Mestre da viola de gamba, Sainte-Colombe perde
por completo, a partir daí, um interesse maior em questões mundanas, o sucesso
e o reconhecimento, até mesmo vindos das duas filhas, Madeleine e Toinette, não
lhe importam mais, e ele se refugia no cenário espartano de uma árida cabana de
madeira para lá aprimorar sua musicalidade até atingir a perfeição.
Com o tempo, Madeleine (Anne Brochet) e
Toinette (Carole Richert) aprenderam de sua arte, passando a acompanhar o pai
em seus poucos e raros concertos.
O talento e a propriedade musical de
Sainte-Colombe lhe garantiram um aura lendária que levou até mesmo o rei Luís
XIV a requisitar em vão suas apresentações.
Para Sainte-Colombe, contudo, a ovação era um
ganho banal diante do objetivo primordial que ele almejava na música, e o filme
o registra em tal propósito de transcendência que, logo, ele está a tocar na
presença da esposa morta (Caroline Sihol), um contato com os mortos onde ele, e
mais ninguém, enxerga a razão da música enquanto verdadeira arte.

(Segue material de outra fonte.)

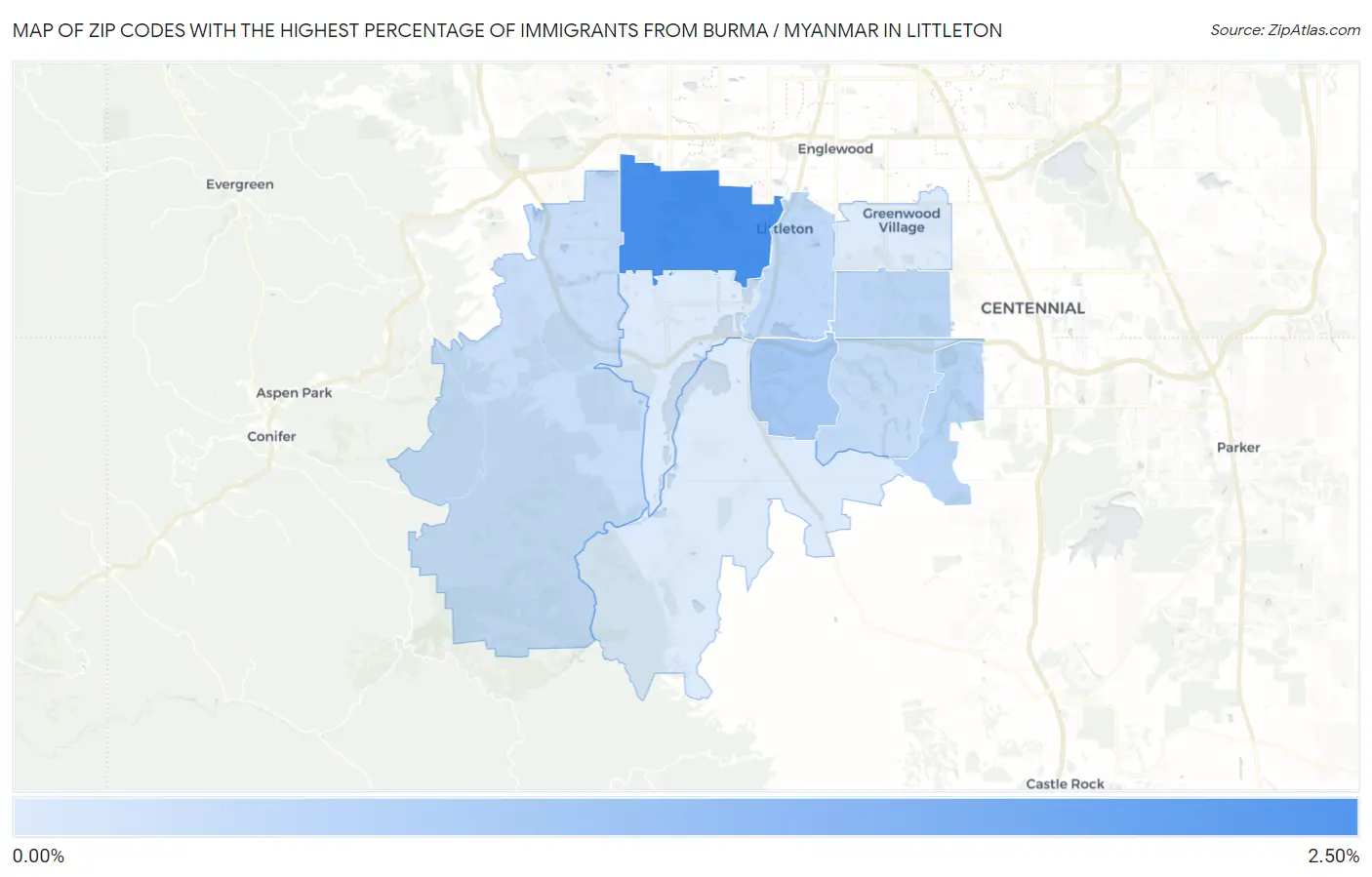 Zip Codes with the Highest Percentage of Immigrants from Burma / Myanmar in Littleton Map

É quando surge em seu caminho o jovem Marin
Marais (vivido por Guillaume Depardieu, filho de Gerard que, aqui, divide o
mesmo personagem com o pai).
Disposto a atingir a grandeza como violista,
Marais roga pelos ensinamentos de Sainte-Colombe que, num primeiro momento, o
recusa. Entretanto, Sainte-Colombe identifica, mais do que talento, uma
compreensão do trágico em Marais que pode levá-lo ao entendimento da música e
de seu objetivo, e assim o aceita como aluno.
Esse período se revela turbulento; porque as
personalidades conflitantes de Marais e Sainte-Colombe enxergam a arte de
diferentes formas: Para Marais, ela é um meio para sua almejada consagração,
quem sabe, junto ao rei; para Sainte-Colombe, a obsessão pelo aplauso
experimentada por seu pupilo denigre a autenticidade da música em seu estado
mais puro.
O rompimento é inevitável, mas Marais permanece
por perto, recebendo lições de Madeleine, que por ele se apaixona. As visitas
de Marais –sempre desapercebidas por Sainte-Colombe –se tornam cada vez mais
esporádicas, à medida que ele, com o conhecimento aprendido com pai e filha,
vai ascendendo na côrte do rei até converter-se, por fim, em Diretor da Câmara
Musical. Até lá, Madeleine dele engravidou e deu à luz um bebê morto –isso tudo
e mais a angústia pela ausência de Marais leva ela a adoecer e definhar.
Nos seus últimos anos de vida, e já
completamente sozinho –pois, Toinette casou-se e foi embora e Madeleine
terminou se suicidando –Sainte-Colombe mergulha numa solidão tão intensa quanto
sua quietude, enquanto Marais, acometido por uma necessidade de apreciar a mais
sublime e imaculada forma de música, passa a visitar o antigo mestre em
segredo, na tentativa de ouvir uma de suas composições através das paredes da
velha cabana.
No trecho final, Marais e Sainte-Colombe enfim
se prestam a um reencontro, quando o mestre finalmente enxerga uma necessidade
de transmitir seu saber para o aluno –e o filme não nega assim uma oportunidade
para o expectador saborear uma cena onde um Marais já amadurecido (e, portanto,
interpretado por Gerard Depardieu) se vê frente a frente com o Sainte-Colombe
de Jean-Pierre Marielle. Um esplêndido duelo de interpretações, emocionante e
emocionado, de dois grandes atores.
Ao fim, o diretor Alain
Corneau, perspicaz, retorna àquela cena do início –Marais cercado de seus
próprios discípulos –para evidenciar que o aluno, deveras, assimilou a lição
quando, numa evocativa visão fantasmagórica do próprio mestre, ele encerra este
grande filme impregnado de música com ressonantes sentimentos de
reconhecimento, gratidão e respeito.